A partir desses dois estudos, principalmente, houve reconhecimento da importância do trabalho multiprofissional de saúde para educação do paciente diabético e inúmeros programas educativos têm sido desenvolvidos, em nível internacional e nacional(3-4).

Para que um programa tenha resultados efetivos, no entanto, é preciso considerar, além dos outros fatores, as concepções de saúde dos profissionais e dos pacientes acerca do processo saúde-doença. As concepções de saúde-doença têm características que variam de acordo com o contexto sociocultural(5), ou seja, as interpretações que os sujeitos dão à saúde fazem parte de uma série de concepções, valores e experiências que são compartilhadas pelas pessoas que participam de uma mesma cultura.

A experiência de adoecer do paciente diabético, em particular, depende em parte do que se entende por saúde e, nesse sentido, nem sempre são semelhantes os significados de doença-saúde para profissionais e usuários com diabetes, nos serviços de saúde. Os pacientes com diabetes possuem representações e práticas populares de saúde que, muitas vezes, são trocadas entre si na convivência do dia-a-dia, e é comum a equipe de saúde ignorar esses saberes populares que circulam no cotidiano, considerando o conhecimento técnico-científico como o único válido e correto(6).

Os profissionais e os usuários com diabetes às vezes não conseguem "falar a mesma língua" e pode ocorrer desconsideração do saber e das representações populares(7).
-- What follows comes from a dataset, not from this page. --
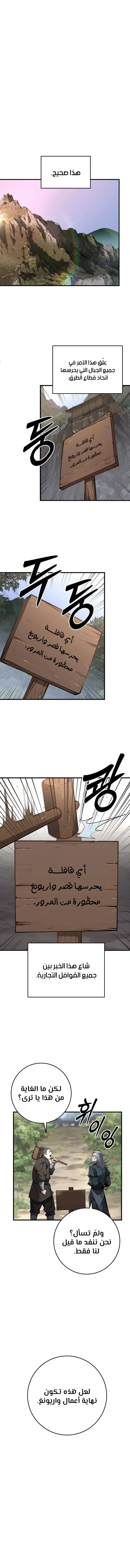 Read Heavenly Inquisition Sword AR Manga Online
O campo do saber biomédico costuma recusar a experiência e o saber daquele que sofre de alguma enfermidade e, nesse aspecto, o saber científico, muitas vezes, é considerado o único verdadeiro e correto(8). A legitimação do saber biomédico, como o único conhecimento válido, implica na desqualificação de outros saberes compartilhados, freqüentemente por mulheres com diabetes, de tal modo que recuperar esse saber feminino é tarefa que se impõe aos que se interessam pelas vozes esquecidas da memória coletiva.
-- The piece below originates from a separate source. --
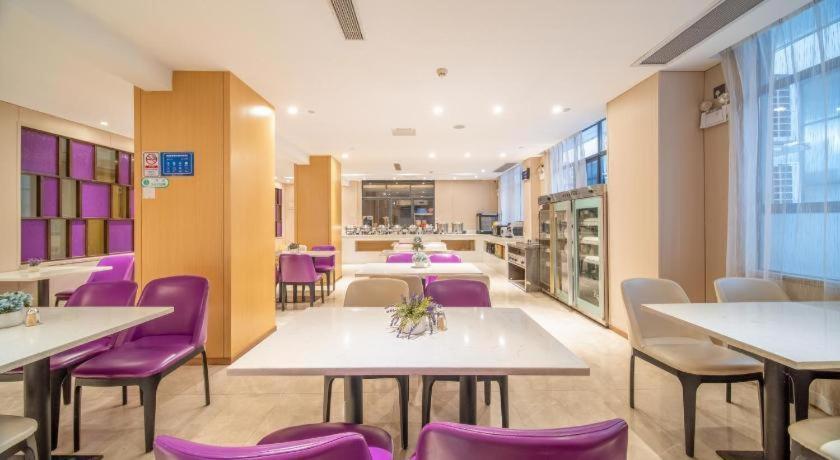 Lavande Hotel (Guangzhou Zoo, Huanghuagang Metro Station) 51/58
Como as representações das camadas populares sobre o processo saúde-doença muitas vezes são diferentes das concepções que os profissionais possuem, é fundamental conhecê-las para assegurar maior efetividade das intervenções(5). A literatura disponível nesse campo ainda é incipiente, o que justifica a condução de novos estudos que se dediquem a compreender o processo de construção social dessas representações em pessoas com diabetes. Assim, o presente estudo tem como objetivo identificar as representações sociais de mulheres diabéticas das camadas populares em relação ao processo saúde-doença.

REFERENCIAL TEÓRICO

Escolheu-se como marco teórico de referência as representações sociais, elaboradas por Moscovici(9). A teoria das representações sociais propõe valorização do saber leigo e do conhecimento cotidiano com seus processos de produção - que se desenvolvem no contexto coletivo - e de apropriação - que se dá na experiência de cada indivíduo, por meio de uma operação denominada ancoragem, permitindo que o conhecimento científico seja assimilado ao conhecimento popular.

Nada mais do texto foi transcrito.